June 23, 2016 OPINION/NEWS

Hamad I Mohammed/Reuters

 

By

Warren Strobel and Yara Bayoumy

Bahrain’s efforts to build national reconciliation after it crushed street protests in 2011 have stalled, and the Western ally in the Gulf has not implemented recommendations to protect freedom of expression, including nonviolent dissent, according to a U.S. State Department report obtained by Reuters.

In the report, which was delivered to the U.S. Congress this week, the State Department says that Bahrain has made progress toward implementing reforms recommended by an independent commission, but “more work remains to be done.”

The report, which was delayed for months, appears to represent muted criticism of a strategically-located country that hosts the U.S. Navy’s Fifth Fleet as a bulwark against Iran.

The human rights record of Bahrain, where a Shi’ite majority is ruled by a Sunni monarchy, has been criticized by the United States, Britain and rights groups.

In a series of moves over the past three weeks, authorities closed down the main Shi’ite opposition al-Wefaq Islamic Society, doubled the prison sentence on the group’s leader, Sheikh Ali Salman, detained prominent rights campaigner Nabeel Rajab and stripped Ayatollah Isa Qassim, Bahrain’s Shi’ite spiritual leader, of his citizenship.

Bahraini Shi’ites complain of discrimination by the government, which in 2011 put down a pro-reform uprising. Since then, protesters have clashed almost daily with security forces, who have been targeted by several bomb attacks.

Bahrain has accused the opposition of undermining security and blamed the bombings on Iran and the armed Shi’ite group Hezbollah in Lebanon, both of which have strongly condemned the moves against Ayatollah Qassim.

Washington has said it was “alarmed” by the move against Qassim and the United Nations called it “clearly unjustified” under international law.

It was not immediately clear whether the department’s report on Bahrain was completed before the most recent events.

“While there have been some positive reforms in Bahrain, they are dwarfed by a pattern of torturing prisoners and by recent government actions to silence opposition political leaders, to persecute human rights defenders, and to revoke the citizenship of a leading cleric,” Sen.

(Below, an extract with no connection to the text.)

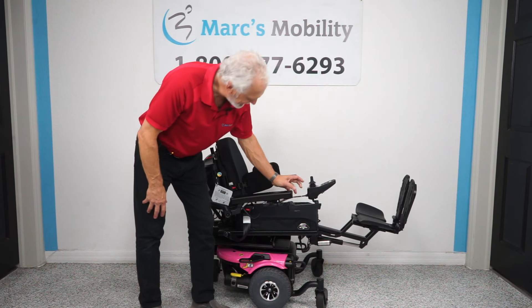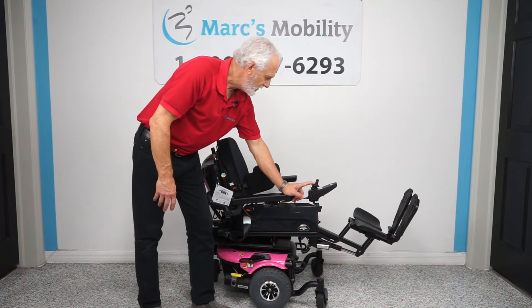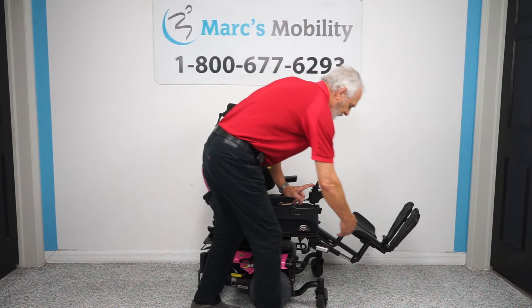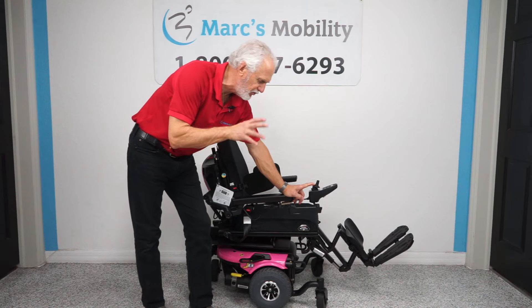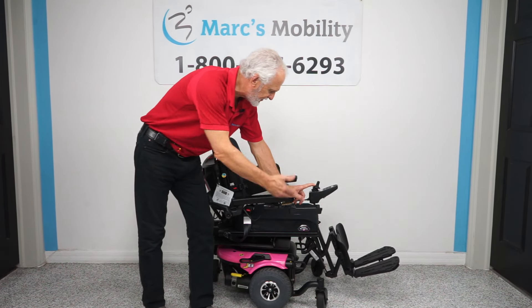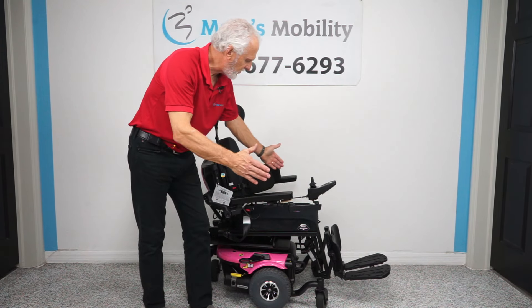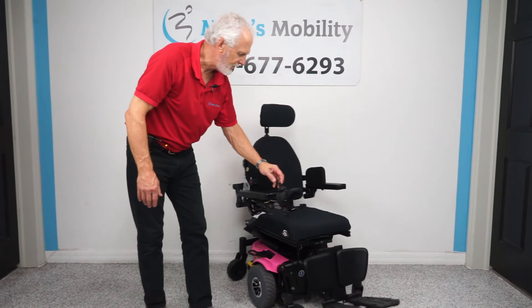I'm going to bring this seat back to flat and then put the legs back down. Remember, these legs are adjustable — if we need them longer or shorter, everything's adjustable in this chair. If you're 250 pounds or less, this is the chair you want. We can adjust the seat, adjust the length, make the seat bigger or smaller.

Patrick Leahy, reacting to the report, said in a statement emailed to Reuters.

“These abuses further limit what few remaining opportunities exist for peaceful dissent in that country,” Leahy told Reuters.

Bahrain’s government did not immediately respond to a request for comment.

 

‘TEPID CRITICISM’

Secretary of State John Kerry spoke about the report with Bahrain’s foreign minister on Wednesday, and urged Bahrain to make necessary reforms, spokesman John Kirby said.

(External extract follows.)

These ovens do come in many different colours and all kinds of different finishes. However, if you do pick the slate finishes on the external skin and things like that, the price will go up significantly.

The report gauges Bahrain’s implementation of recommendations made by the Bahrain Independent Commission of Inquiry. The commission was established to investigate the events of February and March 2011, when authorities, with help from Saudi Arabia, crushed an uprising by Shi’ites demanding a bigger role in running the country.

Bahrain denies any discrimination.

The report cites numerous steps it says Bahrain’s government has taken, including rebuilding demolished mosques, investigating claims of torture, training security forces in human rights and providing protections for detainees.

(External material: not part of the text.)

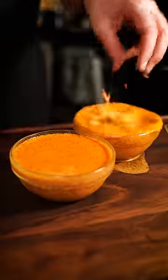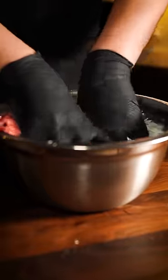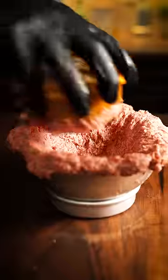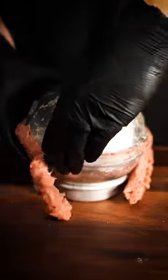Pour into two small bowls and throw them in your freezer. For the meat, mix ground beef with some spices and a hefty portion of cornstarch. Shape it in a round cake pan, putting your frozen soup in the middle, making sure both halves are bound together.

But in some areas, Bahrain has interpreted the commission’s recommendations narrowly, the State Department said.

Most Bahrainis arrested in 2011 for crimes involving political expression have been released, the report said. But it added, “the government of Bahrain continues to charge and prosecute individuals with offences involving political expression, including some who have not advocated violence.”

 

Brian Dooley a director at the nonprofit group Human Rights First criticized the report.

“Releasing such a tepid criticism in the middle of the most ferocious crackdown against opposition and human rights leaders in five years leaves the State Department, again, looking like it can’t face the reality of Bahrain’s mess,” Dooley said.

But Thomas Krajeski, the U.S. ambassador to Bahrain from 2011-14, said the report would never be satisfactory to all parties.

“An impossible task burdened with imprecise statistics, conflicting reports and political baggage. No one will be happy with whatever the final report says,” he told Reuters.

The report recognises Bahrain as a “longstanding ally” whose “security and stability is central to U.S. security interests in the Gulf region and beyond.”

 

Last year Washington lifted holds on security assistance to the Bahrain Defense Force and National Guard that were put in place after Bahrain’s crackdown on the demonstrations in 2011.

The report was approved by, among other senior State Department officials, Tom Malinowski, the U.S. Assistant Secretary of State for Democracy, Human Rights, and Labor.

During a visit to Bahrain in 2014, Malinowski was declared persona non grata after Manama said he had “intervened flagrantly” in the country’s internal affairs. Malinowski had met with Ali Salman, the now-jailed leader of the opposition Wefaq party. Malinowski also returned for a visit to the country some months later.